Bots may manipulate data while:
- Reading spreadsheets
- Extracting emails
- Processing invoices
- Updating databases
- Generating reports
- Handling customer information
Example workflow:
- Read invoice spreadsheet
- Remove duplicates
- Validate invoice amounts
- Filter unpaid invoices
- Sort invoices by date
- Generate report
Without data manipulation, automation workflows would not be able to process business information effectively.
KT0410: Best Practices for Data Manipulation
Good data handling practices improve workflow reliability and maintainability.
Best practices include:
Validate Data Before Processing
Workflows should check information before using it.
Use Consistent Formatting
Data should follow standard formats throughout workflows.
Remove Duplicate Records
Duplicate information should be identified and removed.
Handle Exceptions Properly
Workflows should manage missing or invalid information safely.
Use Meaningful Variable Names
Variables and collections should have clear descriptive names.
Protect Sensitive Information
Sensitive data should be handled securely and according to organisational policies.
Good data manipulation practices improve workflow quality and operational efficiency.
Data Manipulation in RPA Environments
In RPA environments, bots interact with large amounts of information across multiple systems.

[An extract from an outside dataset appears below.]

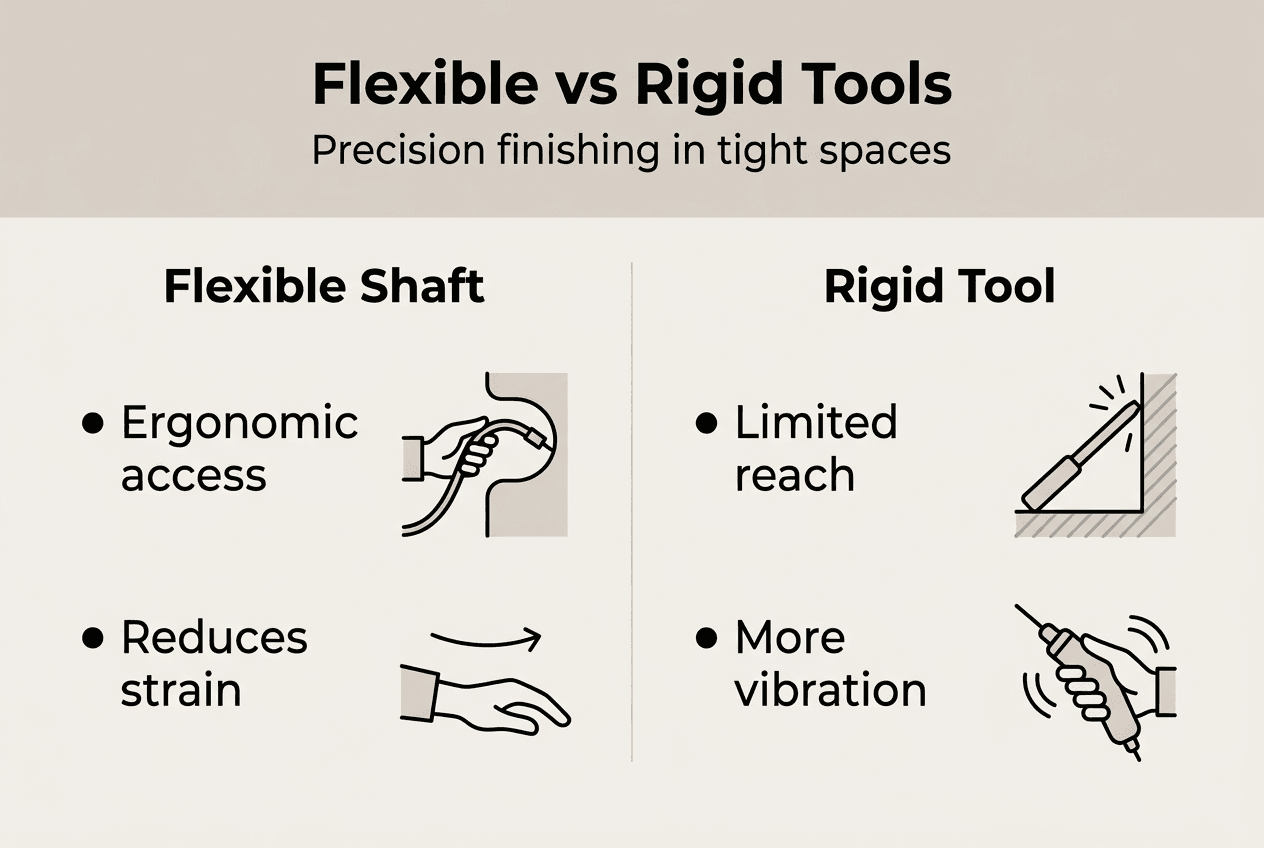 Infographic comparing flexible and rigid finishing tools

Data manipulation allows workflows to:
- Organise information
- Transform data formats
- Validate business data
- Generate accurate outputs
- Support automation decisions
Efficient data manipulation is essential for successful automation projects and reliable business operations.
Key Notes
- Data manipulation involves processing and transforming information.
- Data tables organise information into rows and columns.
- Collections and lists store groups of related values.
- Filtering selects records based on conditions.
- Sorting arranges information in a specific order.
- Data validation checks information accuracy and completeness.
- Formatting and conversion improve workflow compatibility.
- Removing duplicates improves data quality and reporting accuracy.
- Good data manipulation practices improve automation reliability and efficiency.